=== Begin Enclosure ===

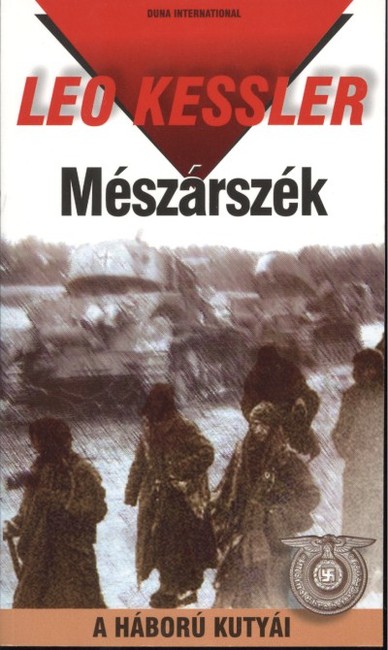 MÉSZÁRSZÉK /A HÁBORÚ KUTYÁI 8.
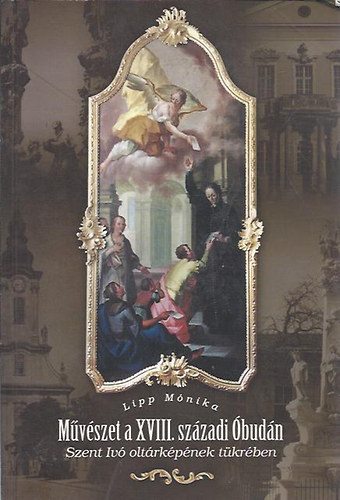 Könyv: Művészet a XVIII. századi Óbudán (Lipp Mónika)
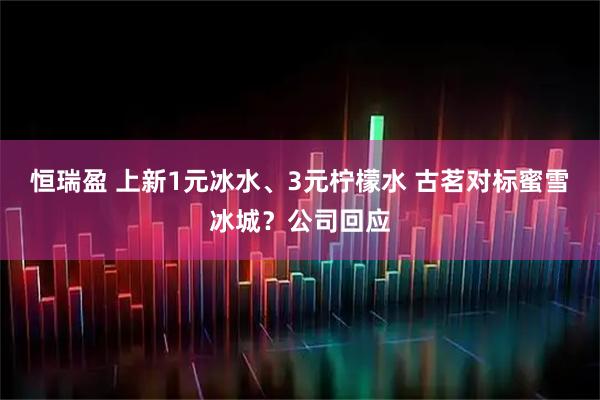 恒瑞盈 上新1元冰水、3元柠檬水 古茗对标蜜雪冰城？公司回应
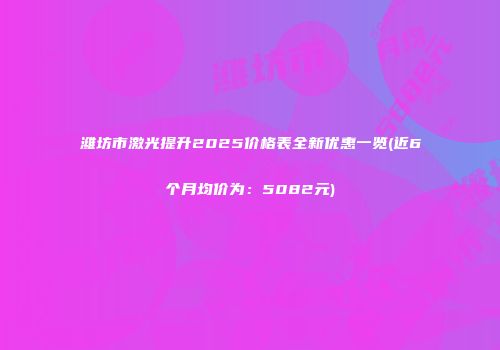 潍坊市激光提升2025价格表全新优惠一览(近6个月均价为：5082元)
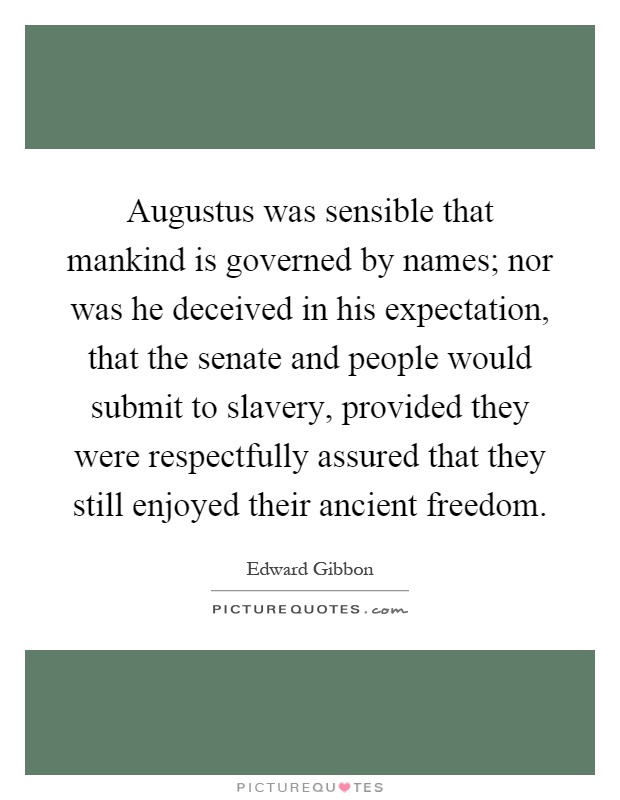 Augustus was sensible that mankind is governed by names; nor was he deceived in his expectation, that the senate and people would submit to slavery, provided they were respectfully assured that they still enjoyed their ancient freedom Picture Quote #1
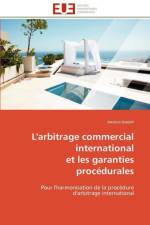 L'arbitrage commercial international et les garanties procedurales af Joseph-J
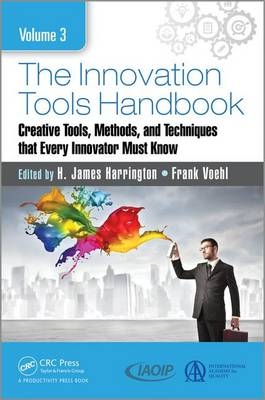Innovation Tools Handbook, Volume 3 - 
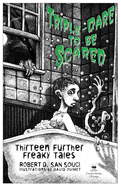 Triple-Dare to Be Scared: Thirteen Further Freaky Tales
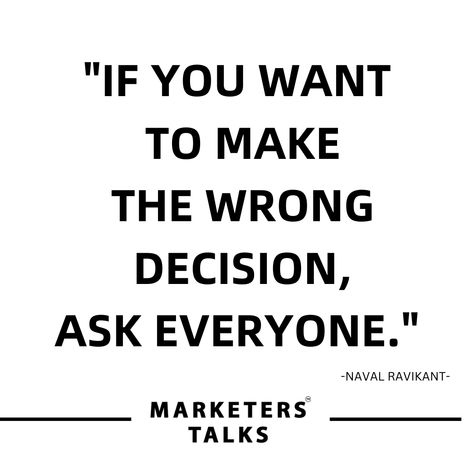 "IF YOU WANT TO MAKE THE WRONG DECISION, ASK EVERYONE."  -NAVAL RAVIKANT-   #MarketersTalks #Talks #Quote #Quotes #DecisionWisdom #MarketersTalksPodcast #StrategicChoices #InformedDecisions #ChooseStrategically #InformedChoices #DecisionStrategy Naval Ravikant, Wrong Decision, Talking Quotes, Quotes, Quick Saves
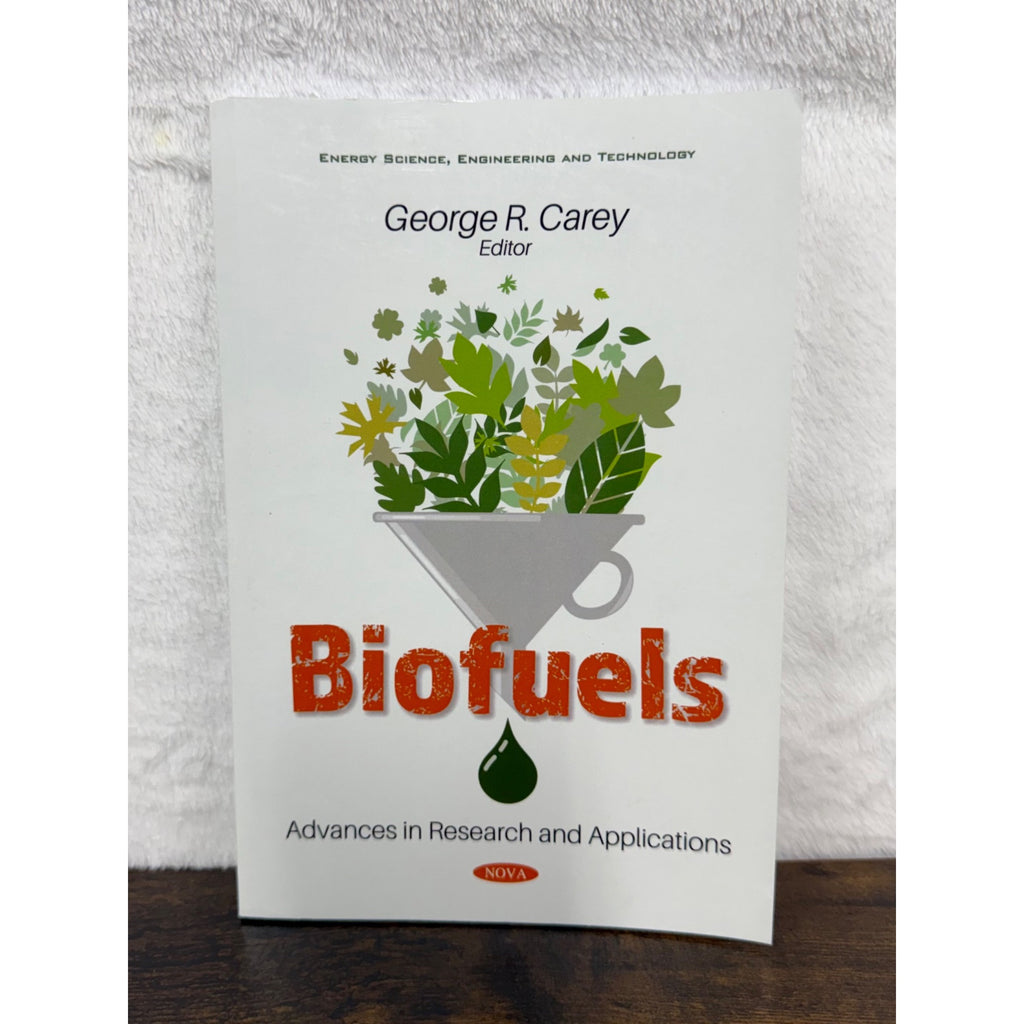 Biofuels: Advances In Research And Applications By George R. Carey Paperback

=== End Enclosure ===
=== Begin Enclosure ===

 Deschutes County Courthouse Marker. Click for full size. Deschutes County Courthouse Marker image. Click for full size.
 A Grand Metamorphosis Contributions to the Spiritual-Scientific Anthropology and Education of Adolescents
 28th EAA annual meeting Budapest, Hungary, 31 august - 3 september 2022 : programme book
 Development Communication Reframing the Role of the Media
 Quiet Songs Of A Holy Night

=== End Enclosure ===

In the entries above, find the line that contains "MÉSZÁRSZÉK /A HÁBORÚ KUTYÁI 8." and the line that contains "Triple-Dare to Be". Reproduce exactly those two lines and every line between them, but not the pictures.

◆ Task answer ◆
 MÉSZÁRSZÉK /A HÁBORÚ KUTYÁI 8.
 Könyv: Művészet a XVIII. századi Óbudán (Lipp Mónika)
 恒瑞盈 上新1元冰水、3元柠檬水 古茗对标蜜雪冰城？公司回应
 潍坊市激光提升2025价格表全新优惠一览(近6个月均价为：5082元)
 Augustus was sensible that mankind is governed by names; nor was he deceived in his expectation, that the senate and people would submit to slavery, provided they were respectfully assured that they still enjoyed their ancient freedom Picture Quote #1
 L'arbitrage commercial international et les garanties procedurales af Joseph-J
Innovation Tools Handbook, Volume 3 - 
 Triple-Dare to Be Scared: Thirteen Further Freaky Tales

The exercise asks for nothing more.